Exercise details: Restating the records exactly is the whole task.

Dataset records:
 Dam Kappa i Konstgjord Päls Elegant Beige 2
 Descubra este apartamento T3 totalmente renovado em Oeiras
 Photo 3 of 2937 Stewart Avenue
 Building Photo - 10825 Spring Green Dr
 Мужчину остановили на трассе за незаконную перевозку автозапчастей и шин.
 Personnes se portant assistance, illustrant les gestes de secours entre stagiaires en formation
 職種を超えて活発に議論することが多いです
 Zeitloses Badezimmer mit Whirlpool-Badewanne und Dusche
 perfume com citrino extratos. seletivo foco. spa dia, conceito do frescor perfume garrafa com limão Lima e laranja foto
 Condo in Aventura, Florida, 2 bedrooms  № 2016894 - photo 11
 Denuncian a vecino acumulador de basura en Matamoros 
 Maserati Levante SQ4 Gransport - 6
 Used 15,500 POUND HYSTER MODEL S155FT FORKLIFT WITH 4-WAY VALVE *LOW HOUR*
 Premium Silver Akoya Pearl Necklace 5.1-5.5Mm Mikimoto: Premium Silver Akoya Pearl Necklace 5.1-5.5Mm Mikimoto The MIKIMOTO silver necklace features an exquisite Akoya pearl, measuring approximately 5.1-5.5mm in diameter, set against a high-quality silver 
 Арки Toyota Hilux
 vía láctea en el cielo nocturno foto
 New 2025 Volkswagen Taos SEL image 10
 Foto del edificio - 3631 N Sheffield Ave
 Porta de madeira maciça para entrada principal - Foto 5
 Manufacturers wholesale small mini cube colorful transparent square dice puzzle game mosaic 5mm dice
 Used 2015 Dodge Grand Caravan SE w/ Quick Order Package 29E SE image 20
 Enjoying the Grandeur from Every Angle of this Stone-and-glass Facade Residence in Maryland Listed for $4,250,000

Response to this task:
 Dam Kappa i Konstgjord Päls Elegant Beige 2
 Descubra este apartamento T3 totalmente renovado em Oeiras
 Photo 3 of 2937 Stewart Avenue
 Building Photo - 10825 Spring Green Dr
 Мужчину остановили на трассе за незаконную перевозку автозапчастей и шин.
 Personnes se portant assistance, illustrant les gestes de secours entre stagiaires en formation
 職種を超えて活発に議論することが多いです
 Zeitloses Badezimmer mit Whirlpool-Badewanne und Dusche
 perfume com citrino extratos. seletivo foco. spa dia, conceito do frescor perfume garrafa com limão Lima e laranja foto
 Condo in Aventura, Florida, 2 bedrooms  № 2016894 - photo 11
 Denuncian a vecino acumulador de basura en Matamoros 
 Maserati Levante SQ4 Gransport - 6
 Used 15,500 POUND HYSTER MODEL S155FT FORKLIFT WITH 4-WAY VALVE *LOW HOUR*
 Premium Silver Akoya Pearl Necklace 5.1-5.5Mm Mikimoto: Premium Silver Akoya Pearl Necklace 5.1-5.5Mm Mikimoto The MIKIMOTO silver necklace features an exquisite Akoya pearl, measuring approximately 5.1-5.5mm in diameter, set against a high-quality silver 
 Арки Toyota Hilux
 vía láctea en el cielo nocturno foto
 New 2025 Volkswagen Taos SEL image 10
 Foto del edificio - 3631 N Sheffield Ave
 Porta de madeira maciça para entrada principal - Foto 5
 Manufacturers wholesale small mini cube colorful transparent square dice puzzle game mosaic 5mm dice
 Used 2015 Dodge Grand Caravan SE w/ Quick Order Package 29E SE image 20
 Enjoying the Grandeur from Every Angle of this Stone-and-glass Facade Residence in Maryland Listed for $4,250,000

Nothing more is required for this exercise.